Signals from the ceiling lighting connect the factory floor
Driverless transport systems, conveyor belts, engines, robots, sensors, drones, mobile terminals, a wide variety of machines and systems – they all communicate with each other in the Industry 4.0 factory floor, exchange vast amounts of data. They are often mobile components, which makes wireless networking indispensable. But WiFi and Bluetooth only offer limited bandwidth, and the increasing number of users renders the radio spectrum overcrowded. Although 5G is expected to alleviate this problem, the challenges of communication in production environments can be overcome more effectively without a license-free technology.

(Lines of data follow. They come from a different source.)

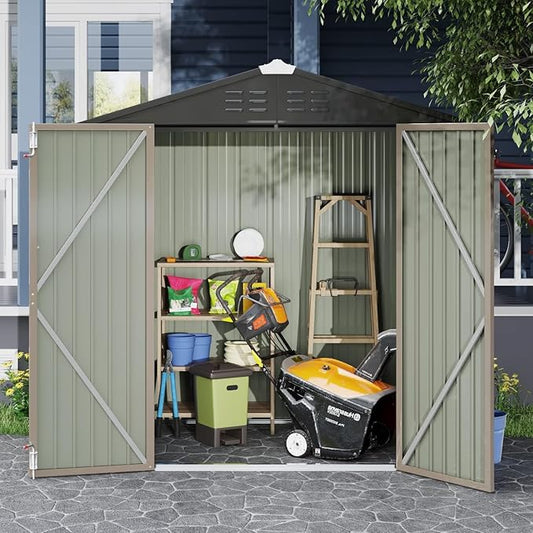 Devoko Outdoor Storage Shed 6 x 4 FT Lockable Metal Garden Shed Steel Anti-Corrosion Storage House with Double Lockable Door for Backyard Outdoor Patio (Brown)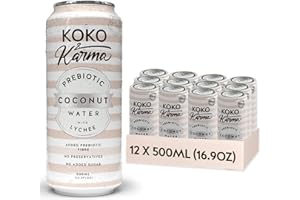 Koko & Karma – Prebiotic Coconut Water with Lychee – All Natural with No Added Sugars, Pure Coconut Water & Lychee Juice – 12 Pack - 16.9 Ounce Cans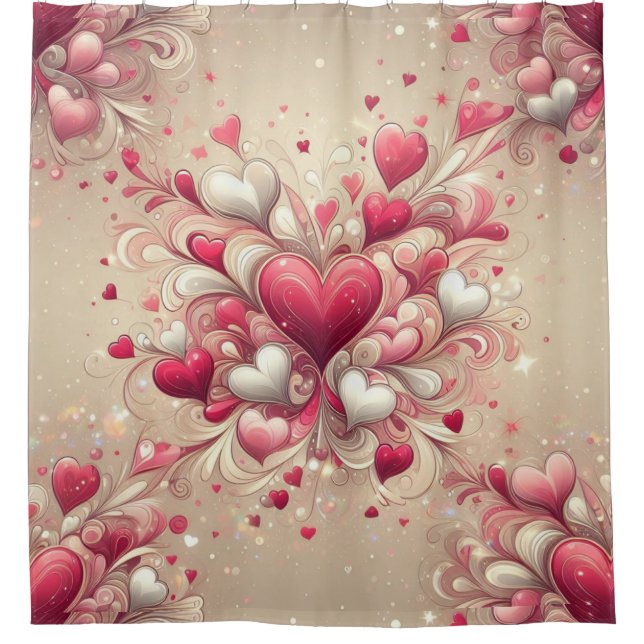 Rideaux De Douche coeur de la Saint-Valentin (Devant)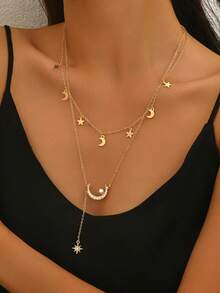 1 Set Nuevo Collar Colgante Minimalista Creativo de Combinación de Estrella y Luna con Borla de Doble Capa, Versátil para Mujeres, Ideal para Vestidos de Festival, Regalo Ideal para Familia/Amigos - Amarillo Oro - Ver 4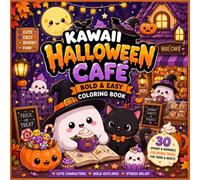 Cute Halloween Coloring Book for Kids: 30 Fun & Easy Spooky Designs to Color | Cute Ghosts, Pumpkins, Black Cats, Bats & Halloween Friends | Ages 4-10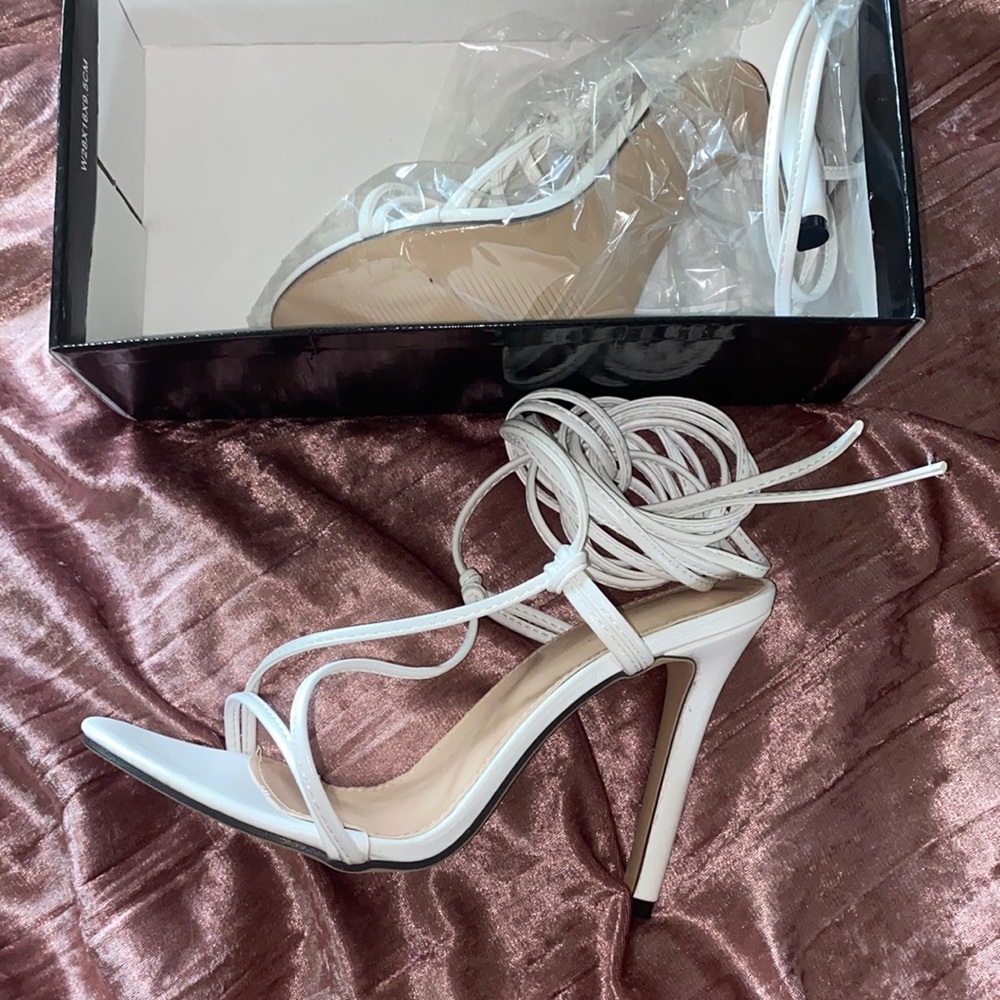 White strap heels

Researchers at Fraunhofer IOSB-INA in Lemgo (Germany) are therefore taking a different approach: they chose the visible spectrum of light for wireless data transmission. Visible Light Communication (VLC) is what experts call the technology. “The light spectrum is about 4000 times wider than the entire available radio spectrum, ranging from 380 to 800 nanometers wavelength,” says Fraunhofer scientist Daniel Schneider. Together with colleagues and the Technical University OWL, he is working on the project “Visible Light in Production” to make VLC fit for the requirements of industry.

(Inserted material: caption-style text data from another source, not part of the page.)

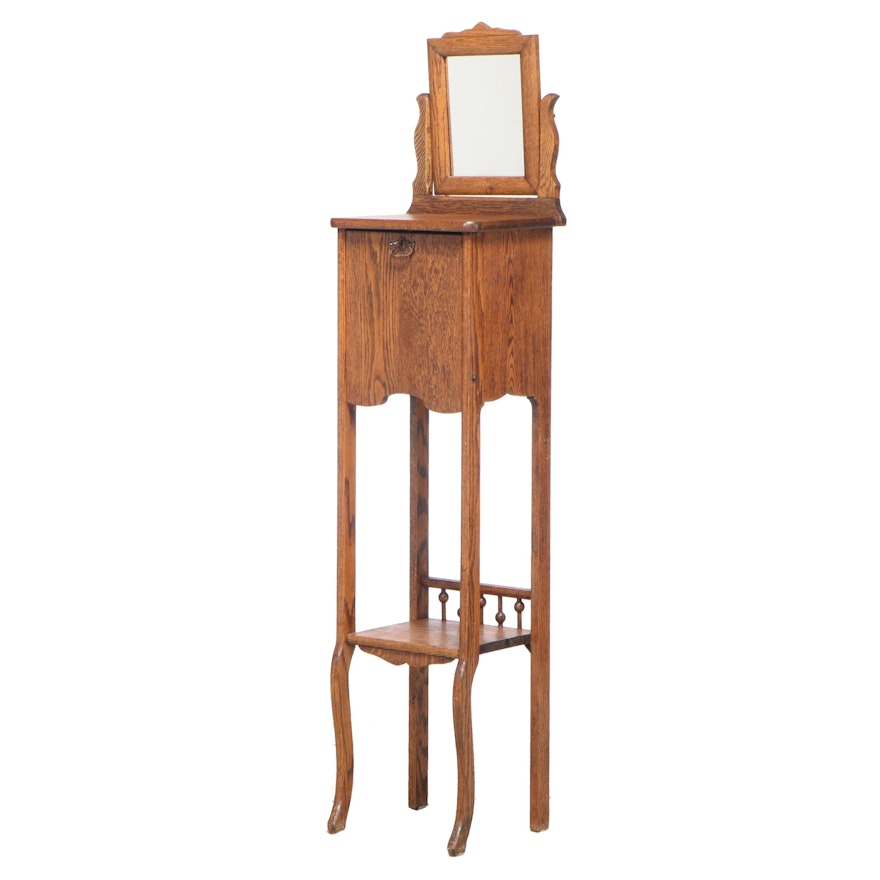 Late Victorian Oak Fall-Front Shaving Stand, circa 1900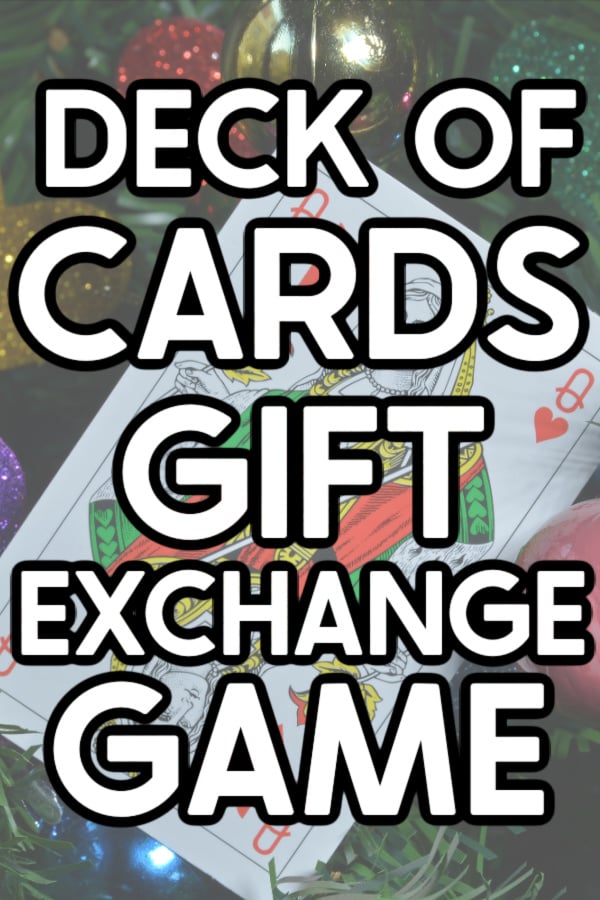 playing card with text on it saying deck of cards gift exchange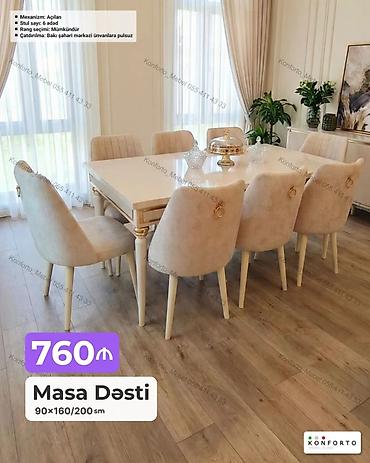 Ev və bağ: Məhsul: Masa Dəsti - Masa ölçüsü: 90×160/200 sm (açılan mexanizmli) - — 1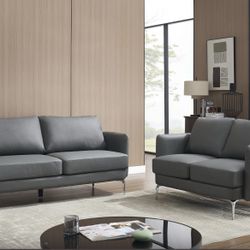 Traditional Style Sofa & Loveseat SET In GRAY
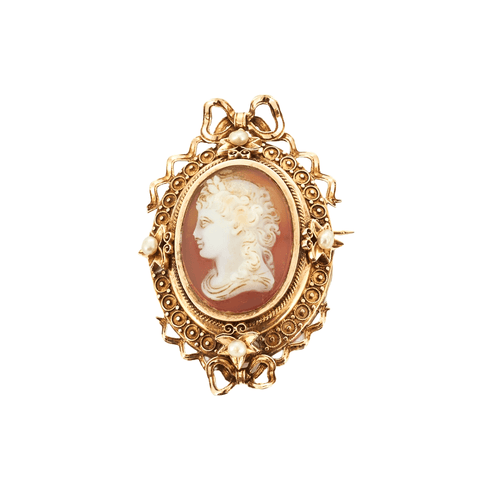 Pendentif Broche-pendentif camée sur agate en or jaune 58 Facettes BO/230041/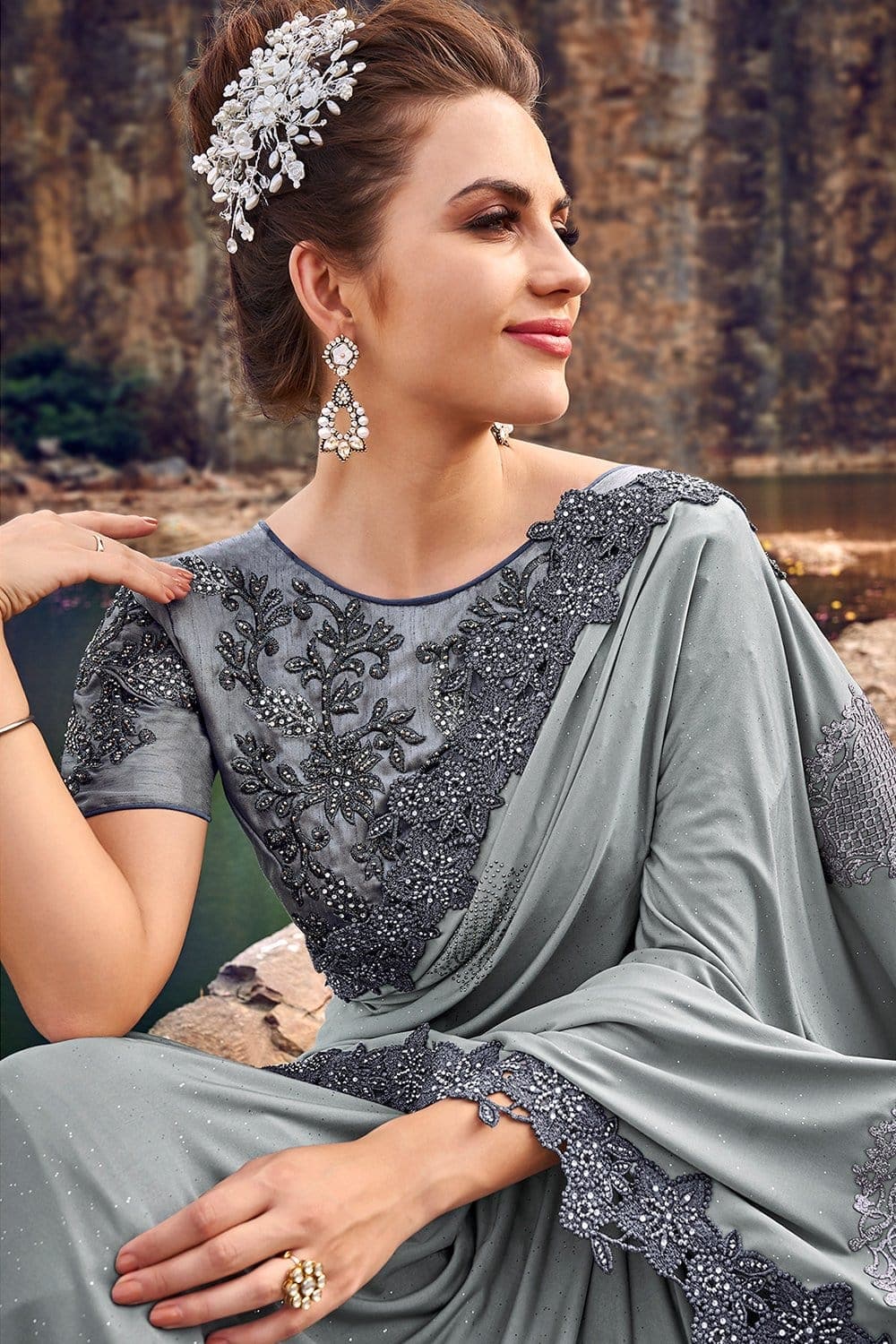 Saree Lava Grey Designer Embroidered  Saree With Embroidered Blouse - Wedding Wardrobe Collection saree online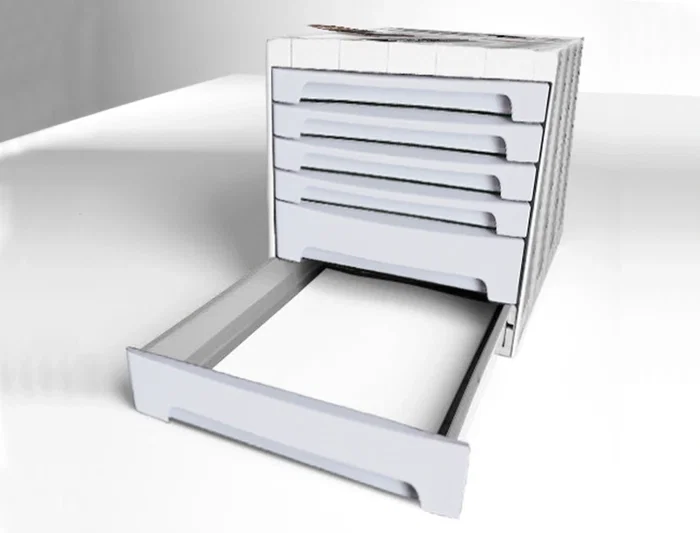 Archivo 2000 Fichero Cajones Sobremesa 305x370x215 mm Organizador Superior 6 Cajones Gris Opaco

Compared to WiFi, VLC offers a number of advantages. It offers a higher bandwidth; data security is also guaranteed: Radio signals penetrate walls, so communication can be intercepted and manipulated outside the factory floor. This is not possible with light. Another bonus: 1000 or more devices will be able to be networked wirelessly with each other via VLC. “Once we have optimally designed our VLC system on the basis of our measurement campaign, we will be able to operate more than 1000 devices at one location – energy-saving, tap-proof and insensitive to electromagnetic influences,” summarizes the researcher. In addition to the ceiling lighting, the system requires only an Internet access and a transceiver that is connected to the terminal device. The researchers have developed a demonstrator that is currently being tested in the Lemgo SmartFactoryOWL under real-world conditions. Both large and medium-sized companies are expected to benefit from the system as early as mid 2021.
VLC is already used in office, home and laboratory environments. In factory environments, however, the hurdles for communication technology are high or have not yet been sufficiently researched due to the particular disruptive factors. “As an alternative to conventional wireless network access, we will use commercially available, energy-efficient LEDs for VLCs,” explains Schneider. Such a system can be considered reliable if coverage problems caused by walls, metallic objects, machines and other interfering signals can be overcome. Artificial light sources, shadows and reflections can affect data transmission via light. The systematic detection and quantification of these influences is a sub-task of the project. The measurement campaign focused on a total of three influencing variables: Ambient light sources, particles and ambient reflections (multipath propagation).
The tests so far proved that dust particles do not pose a problem for optical signals, since today’s factory buildings are usually well ventilated. Even persons and vehicles moving slowly at 0.2 m/s have little effect on the quality of the signal. Ambient light sources, on the other hand, interfere with data transmission, and this over the entire optical spectrum. The project partners have identified a total of ten models to whose lighting conditions VLC systems react. These include welding processes and fluorescent tubes, but also optical tracking systems. However, they only occur locally and not across locations. VLC systems, and this is one of the results of the tests, must therefore be able to react adaptively to the lighting conditions and minimise such disturbing influences.